Topics ranged from transportation issues students face in the 22nd District to finding the best option for funding the education system.
Costa Constantinides kicked off the forum, which was hosted by Zone 126, by stating his displeasure with alternatives to classrooms.
“I think the biggest challenge in Astoria is providing our student with the optimal opportunity and environment to learn,” said Constantinides. “Queens has become the king of trailers. Kids should be learning inside of classrooms.”
One of his leading opponents, who brought a large number of supporters with him, Gus Prentzas said schools shouldn’t wait on money from the city.
“We need to be able to team up with local businesses and bring in some more funding,” said Prentzas.
His goal would be to set up an “adopt a school” program, where private businesses would be able to sponsor a school, giving it resources such as free wi-fi.
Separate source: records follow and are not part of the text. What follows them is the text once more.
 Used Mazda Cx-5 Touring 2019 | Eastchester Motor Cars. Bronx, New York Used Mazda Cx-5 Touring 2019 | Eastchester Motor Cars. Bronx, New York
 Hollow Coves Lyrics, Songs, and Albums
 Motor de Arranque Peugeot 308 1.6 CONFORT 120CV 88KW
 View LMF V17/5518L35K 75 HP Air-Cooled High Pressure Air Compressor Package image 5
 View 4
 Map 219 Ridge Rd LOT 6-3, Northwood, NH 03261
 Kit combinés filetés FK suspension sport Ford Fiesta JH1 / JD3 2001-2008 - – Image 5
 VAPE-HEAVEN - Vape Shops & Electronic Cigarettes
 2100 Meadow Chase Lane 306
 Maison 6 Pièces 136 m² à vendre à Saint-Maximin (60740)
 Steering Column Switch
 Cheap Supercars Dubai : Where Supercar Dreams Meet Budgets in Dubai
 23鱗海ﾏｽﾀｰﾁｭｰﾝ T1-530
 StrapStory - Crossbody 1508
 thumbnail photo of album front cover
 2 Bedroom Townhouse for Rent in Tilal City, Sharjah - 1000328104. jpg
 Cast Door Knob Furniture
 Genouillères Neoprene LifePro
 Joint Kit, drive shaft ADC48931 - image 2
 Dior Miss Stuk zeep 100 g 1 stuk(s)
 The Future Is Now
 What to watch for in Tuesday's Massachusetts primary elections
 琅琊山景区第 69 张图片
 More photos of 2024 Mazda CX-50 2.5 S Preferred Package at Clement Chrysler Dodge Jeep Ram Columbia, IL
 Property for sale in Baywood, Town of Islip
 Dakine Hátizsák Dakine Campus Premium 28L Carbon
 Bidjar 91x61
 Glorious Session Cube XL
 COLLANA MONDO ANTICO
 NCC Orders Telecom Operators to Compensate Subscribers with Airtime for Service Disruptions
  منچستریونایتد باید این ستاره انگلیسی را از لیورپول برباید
One issue that was not supported by any candidate was standardized testing. Green Party candidate Lynn Serpe said she would work toward a well-rounded education system.
“The focus on high-stakes testing leads to stressed-out kids,” she said.
Her goal is to focus on creating smaller class sizes and using community organizations to create programs for students.
Prentzas criticized the current administration for allowing Chancellor Dennis Walcott to hold his position without a background in education.
“Once I’m elected, I’m going to make sure that the next chancellor to come in will be a true educator,” said Prentzas.